PROMPT
Please return every line in the entries below with the word "Grand" in it.

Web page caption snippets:
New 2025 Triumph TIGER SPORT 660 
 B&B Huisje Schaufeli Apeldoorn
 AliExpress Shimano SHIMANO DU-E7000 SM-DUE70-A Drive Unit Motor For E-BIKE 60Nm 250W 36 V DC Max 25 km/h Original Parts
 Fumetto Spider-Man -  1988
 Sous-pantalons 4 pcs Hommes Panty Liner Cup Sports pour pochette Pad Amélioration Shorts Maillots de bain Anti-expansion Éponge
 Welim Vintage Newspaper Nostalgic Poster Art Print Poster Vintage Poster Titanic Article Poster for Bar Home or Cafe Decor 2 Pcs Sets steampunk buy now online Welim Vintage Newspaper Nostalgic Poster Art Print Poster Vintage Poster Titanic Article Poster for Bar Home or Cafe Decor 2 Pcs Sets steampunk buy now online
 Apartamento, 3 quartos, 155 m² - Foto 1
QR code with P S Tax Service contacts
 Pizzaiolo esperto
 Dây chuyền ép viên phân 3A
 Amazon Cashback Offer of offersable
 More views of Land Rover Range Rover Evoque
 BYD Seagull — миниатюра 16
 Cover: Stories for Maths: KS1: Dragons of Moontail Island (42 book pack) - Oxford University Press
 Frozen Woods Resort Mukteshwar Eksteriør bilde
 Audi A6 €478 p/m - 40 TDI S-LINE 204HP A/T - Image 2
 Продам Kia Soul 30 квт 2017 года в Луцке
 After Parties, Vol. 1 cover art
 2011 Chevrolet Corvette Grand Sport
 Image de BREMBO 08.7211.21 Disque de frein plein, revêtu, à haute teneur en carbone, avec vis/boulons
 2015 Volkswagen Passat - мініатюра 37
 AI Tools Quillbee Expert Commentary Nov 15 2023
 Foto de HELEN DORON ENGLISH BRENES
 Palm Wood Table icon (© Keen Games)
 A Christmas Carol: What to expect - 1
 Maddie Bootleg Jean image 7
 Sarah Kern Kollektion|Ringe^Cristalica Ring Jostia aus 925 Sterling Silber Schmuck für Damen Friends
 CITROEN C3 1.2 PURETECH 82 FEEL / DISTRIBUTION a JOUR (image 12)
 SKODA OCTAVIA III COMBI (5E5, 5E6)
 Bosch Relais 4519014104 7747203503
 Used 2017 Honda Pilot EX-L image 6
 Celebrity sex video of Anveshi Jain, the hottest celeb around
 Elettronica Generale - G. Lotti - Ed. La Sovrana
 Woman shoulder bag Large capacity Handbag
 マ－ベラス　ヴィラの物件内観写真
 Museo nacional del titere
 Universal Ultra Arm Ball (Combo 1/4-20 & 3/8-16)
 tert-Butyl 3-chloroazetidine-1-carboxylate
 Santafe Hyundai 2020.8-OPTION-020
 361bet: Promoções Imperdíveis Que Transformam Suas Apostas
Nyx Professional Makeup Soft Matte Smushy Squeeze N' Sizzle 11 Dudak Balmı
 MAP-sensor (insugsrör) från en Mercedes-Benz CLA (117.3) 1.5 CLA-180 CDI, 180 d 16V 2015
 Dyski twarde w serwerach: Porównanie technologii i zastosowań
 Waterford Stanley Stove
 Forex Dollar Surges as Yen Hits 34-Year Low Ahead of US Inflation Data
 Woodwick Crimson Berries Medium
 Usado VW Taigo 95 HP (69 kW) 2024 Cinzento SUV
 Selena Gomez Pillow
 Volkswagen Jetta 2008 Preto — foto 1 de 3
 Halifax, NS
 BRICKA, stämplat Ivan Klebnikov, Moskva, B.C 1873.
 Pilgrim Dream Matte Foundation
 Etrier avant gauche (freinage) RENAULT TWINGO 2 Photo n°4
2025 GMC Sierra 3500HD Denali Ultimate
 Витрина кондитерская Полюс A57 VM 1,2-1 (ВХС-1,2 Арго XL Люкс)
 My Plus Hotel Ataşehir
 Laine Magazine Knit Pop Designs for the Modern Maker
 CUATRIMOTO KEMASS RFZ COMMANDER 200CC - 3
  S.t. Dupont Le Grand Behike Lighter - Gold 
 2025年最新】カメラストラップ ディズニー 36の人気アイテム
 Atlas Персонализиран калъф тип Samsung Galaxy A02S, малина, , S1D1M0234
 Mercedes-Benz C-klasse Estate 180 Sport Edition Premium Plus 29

RESULT OF THE EXERCISE
 2011 Chevrolet Corvette Grand Sport
  S.t. Dupont Le Grand Behike Lighter - Gold 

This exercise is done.